What is being asked: Please repeat each line of the data exactly, with nothing left out.

+++ Dataset excerpt

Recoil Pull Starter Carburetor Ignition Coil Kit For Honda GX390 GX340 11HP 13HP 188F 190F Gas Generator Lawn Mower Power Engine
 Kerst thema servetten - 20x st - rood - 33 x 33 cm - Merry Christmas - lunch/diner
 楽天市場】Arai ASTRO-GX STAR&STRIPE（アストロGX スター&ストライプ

++++++

Output of the task:
Recoil Pull Starter Carburetor Ignition Coil Kit For Honda GX390 GX340 11HP 13HP 188F 190F Gas Generator Lawn Mower Power Engine
 Kerst thema servetten - 20x st - rood - 33 x 33 cm - Merry Christmas - lunch/diner
 楽天市場】Arai ASTRO-GX STAR&STRIPE（アストロGX スター&ストライプ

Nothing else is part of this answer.